A specific challenge and potential limitation for a trial in which the ‘treatment’ is an intervention package is that of fidelity − the degree to which the intervention is delivered as intended. Substantial efforts have been made to achieve homogeneity of the intervention across sites, including the components as devised and delivered at individual clinics, and the ‘dose’ (amount of support received by the project officers). However, there are inevitable variations, and we acknowledge that careful documentation of fidelity and dose are required to ensure that results will be interpretable regarding associations between intervention components and outcomes. However, such a challenge should not prevent complex interventions being subjected to rigorous study designs such as clinical trials.

Patient movements comprise another challenge. Aboriginal people frequently spend time in two or more communities. The RHD Register nominates one clinic as a person’s primary clinic (where the majority of their injections are administered) and secondary clinic(s) are also recorded. In documenting patient movements (new diagnoses, deaths, people moving from one site to another such that their primary clinic is reassigned), preliminary findings suggest a substantial number of movements are occurring. Such movements in and out of the cohort will need to be taken account of in analyses.

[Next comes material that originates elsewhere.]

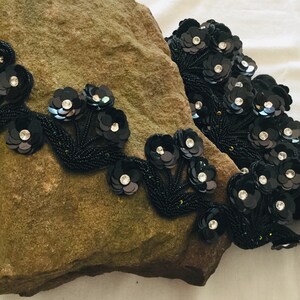 May include: Black beaded trim with sequined flower embellishments. The trim features clusters of black flowers with clear rhinestone centers.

Characteristics of the study sites include very high staff turnover at health centres, and frequent disruption of clinic activities due to other priorities in communities, in particular funerals, which may result in closure of the clinic for some days in respect of ceremonial activities. We have found additional challenges in creating a metric for the measurement of staff turnover, and also in creating a metric for community remoteness or disadvantage. Health centre staff are busy with clinical commitments and complex acute care management, and there is the potential for them to suffer research fatigue due to the high number of studies being conducted at their sites. We are aware of this potential issue and have sought to demonstrate how this study can be directly beneficial to enrolled sites, and to be flexible in our approach; however, flexibility can pose a threat to intervention fidelity.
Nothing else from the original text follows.